Eyad Abu Shakra
TT

The Latest ‘September Turning Point’ of Arab History

September is rich with historical and political developments in our region. Over the past few decades, several major "turning points" have unfolded during this month, leaving major repercussions on Arab politics and the role of Arabs both as people and leaders.

On September 28, 1970, President Gamal Abdel Nasser died during the war between Jordan and Palestinian guerrilla organizations that became known as "Black September." Nasser's death and the Palestinian freedom fighter movements losing what had been their primary base since their inception in the late 1960s, was the greatest shock to traditional Arab nationalist thought of its kind.

At the time, many assumptions and convictions that had withstood (albeit tenuously) the defeat of June 1967 collapsed.

A wounded "Nasserism" sought to survive through the "War of Attrition" (1967-1970). However, this effort collapsed with Nasser's death and was ultimately brought to an end by the "coup" of his successor and former comrade-in-arms, Anwar Sadat.

Indeed, after Sadat struck those he called the "centers of power" through the "Corrective Revolution" in May 1971. Everything that Nasserism represented - as an idea, practice, and web of alliances - was thereby eradicated. Sadat led a socialist "Arabist Egypt" away from the Soviet Eastern bloc towards an alliance with the West, breaking with what had been an Arab consensus and betting on a unilateral peace agreement with Israel.

The second "September turning point" came on September 11, 2001, when Al-Qaeda operatives launched unprecedented attacks with civilian passenger planes in New York, Washington, and rural Pennsylvania, killing almost 3,000 people.

Al-Qaeda was indeed one manifestation of militant Islamism. It developed as an alternative to a series of governance experiments in the Arab and Islamic worlds that followed the independence era (the second half of the 1940s).

In the Arab world, a group of Arab states gained independence.

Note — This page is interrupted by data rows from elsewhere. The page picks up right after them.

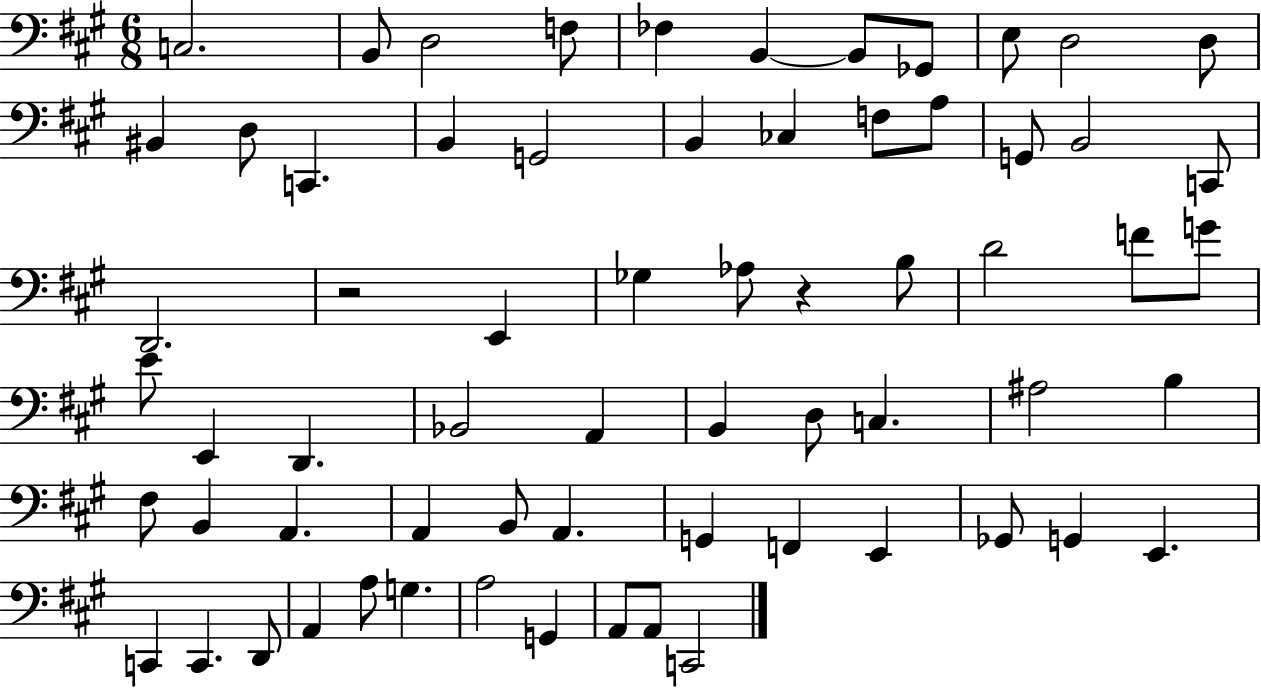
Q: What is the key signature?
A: A major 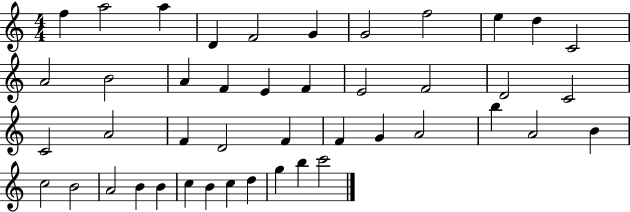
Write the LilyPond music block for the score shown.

{
  \clef treble
  \numericTimeSignature
  \time 4/4
  \key c \major
  f''4 a''2 a''4 | d'4 f'2 g'4 | g'2 f''2 | e''4 d''4 c'2 | \break a'2 b'2 | a'4 f'4 e'4 f'4 | e'2 f'2 | d'2 c'2 | \break c'2 a'2 | f'4 d'2 f'4 | f'4 g'4 a'2 | b''4 a'2 b'4 | \break c''2 b'2 | a'2 b'4 b'4 | c''4 b'4 c''4 d''4 | g''4 b''4 c'''2 | \break \bar "|."
} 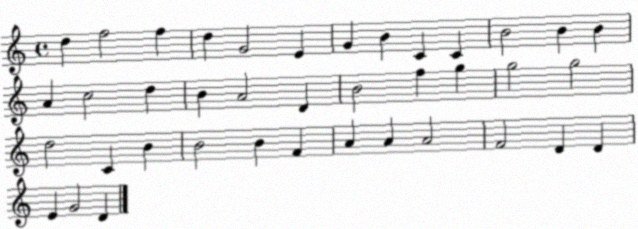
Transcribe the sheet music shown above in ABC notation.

X:1
T:Untitled
M:4/4
L:1/4
K:C
d f2 f d G2 E G B C C B2 B B A c2 d B A2 D B2 f g g2 g2 d2 C B B2 B F A A A2 F2 D D E G2 D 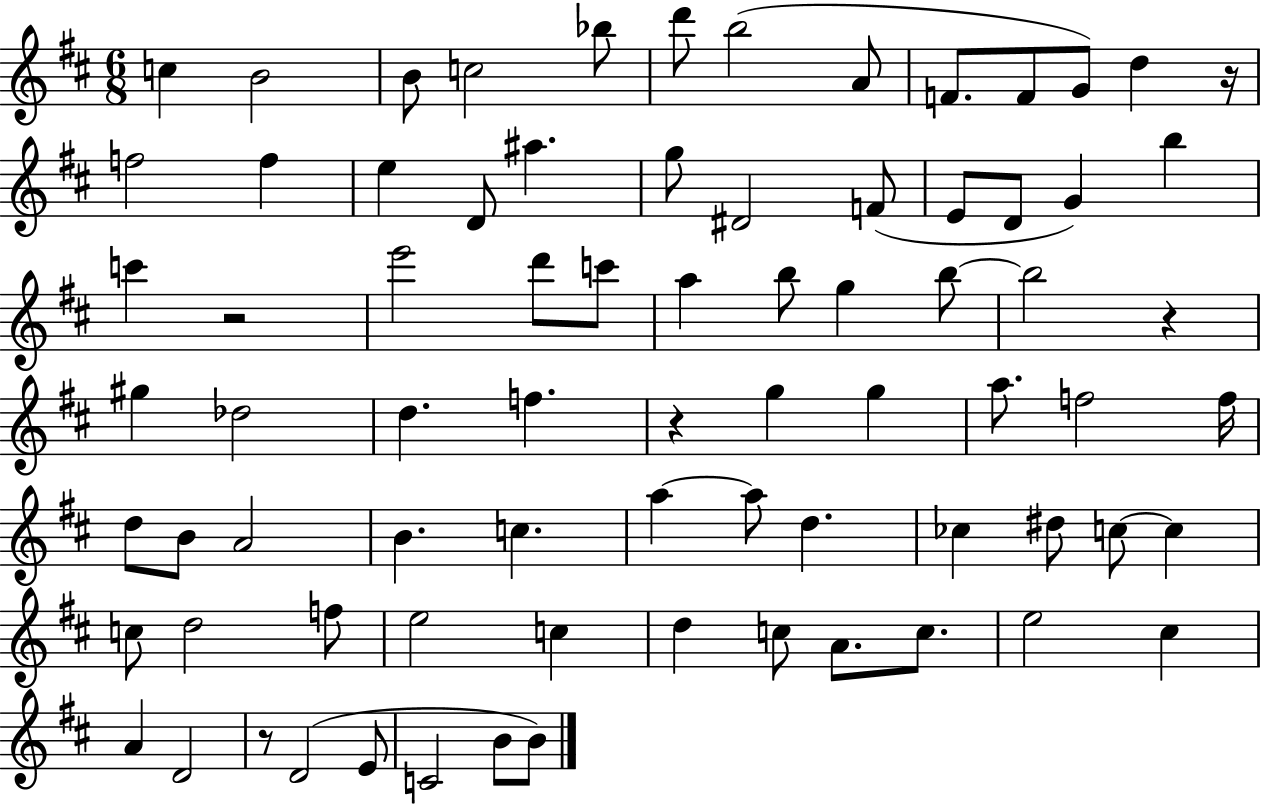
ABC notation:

X:1
T:Untitled
M:6/8
L:1/4
K:D
c B2 B/2 c2 _b/2 d'/2 b2 A/2 F/2 F/2 G/2 d z/4 f2 f e D/2 ^a g/2 ^D2 F/2 E/2 D/2 G b c' z2 e'2 d'/2 c'/2 a b/2 g b/2 b2 z ^g _d2 d f z g g a/2 f2 f/4 d/2 B/2 A2 B c a a/2 d _c ^d/2 c/2 c c/2 d2 f/2 e2 c d c/2 A/2 c/2 e2 ^c A D2 z/2 D2 E/2 C2 B/2 B/2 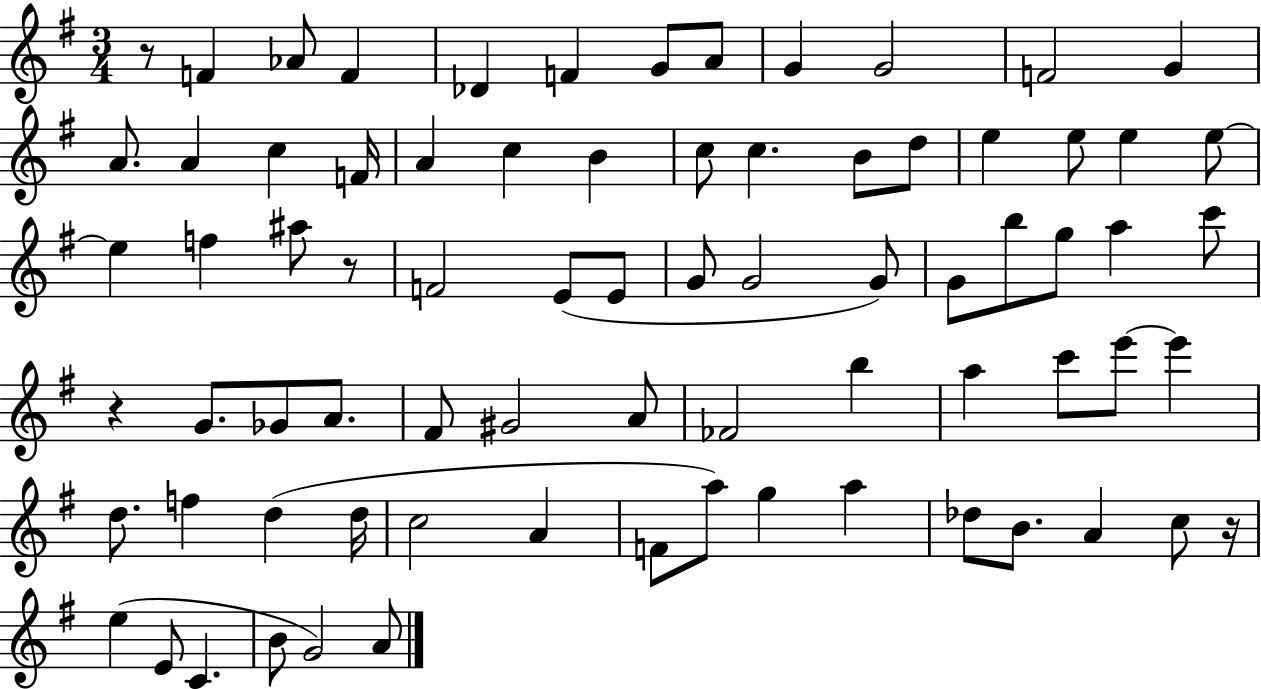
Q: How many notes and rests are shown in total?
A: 76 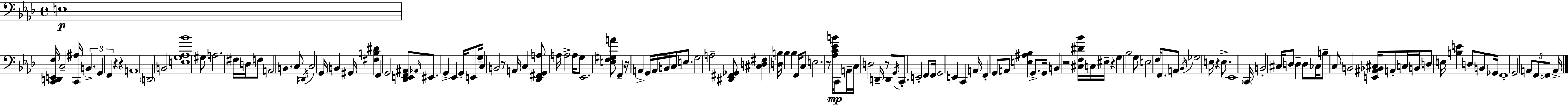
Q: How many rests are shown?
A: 9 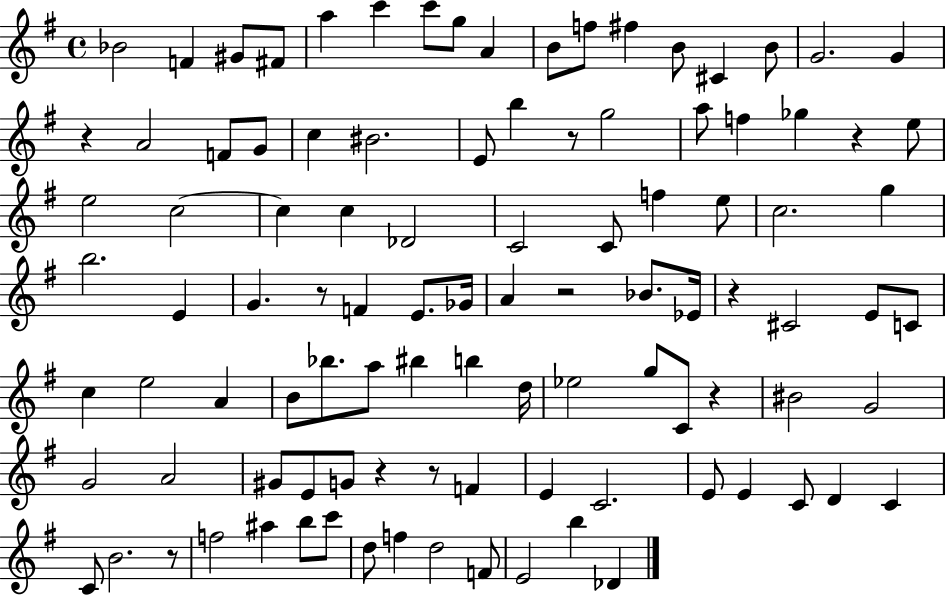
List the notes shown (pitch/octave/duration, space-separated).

Bb4/h F4/q G#4/e F#4/e A5/q C6/q C6/e G5/e A4/q B4/e F5/e F#5/q B4/e C#4/q B4/e G4/h. G4/q R/q A4/h F4/e G4/e C5/q BIS4/h. E4/e B5/q R/e G5/h A5/e F5/q Gb5/q R/q E5/e E5/h C5/h C5/q C5/q Db4/h C4/h C4/e F5/q E5/e C5/h. G5/q B5/h. E4/q G4/q. R/e F4/q E4/e. Gb4/s A4/q R/h Bb4/e. Eb4/s R/q C#4/h E4/e C4/e C5/q E5/h A4/q B4/e Bb5/e. A5/e BIS5/q B5/q D5/s Eb5/h G5/e C4/e R/q BIS4/h G4/h G4/h A4/h G#4/e E4/e G4/e R/q R/e F4/q E4/q C4/h. E4/e E4/q C4/e D4/q C4/q C4/e B4/h. R/e F5/h A#5/q B5/e C6/e D5/e F5/q D5/h F4/e E4/h B5/q Db4/q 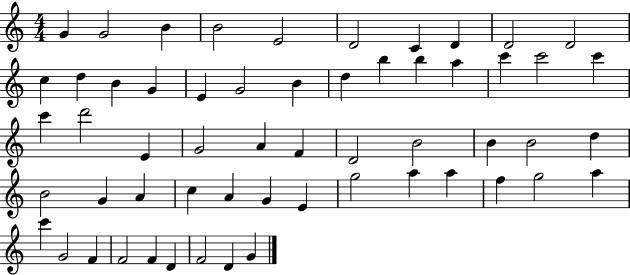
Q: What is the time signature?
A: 4/4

Some upheld the banner of Arabism, others waged struggles in the name of their Islamic identity, and some bet on an enlightened modern bourgeoisie that did not see enmity with the West was inevitable within the context of a global Cold War that began the end of World War II and ended with the fall of the Berlin Wall and the collapse of the Soviet Union.

In the Islamic world, the loyalties of the most prominent newly independent states. There was the "non-alignment" of Ahmed Sukarno in Indonesia and the "Islamic" passions of Pakistan, which was eager to live by "Islam" and built its distinctive identity in opposition to the secularism of India... and then as part of the Western alliances that emerged to contain the Soviets during the 1950s. Indeed, Pakistan was a member of two such alliances: the Baghdad Pact (later CENTO) and the Southeast Asia Treaty Organization (SEATO).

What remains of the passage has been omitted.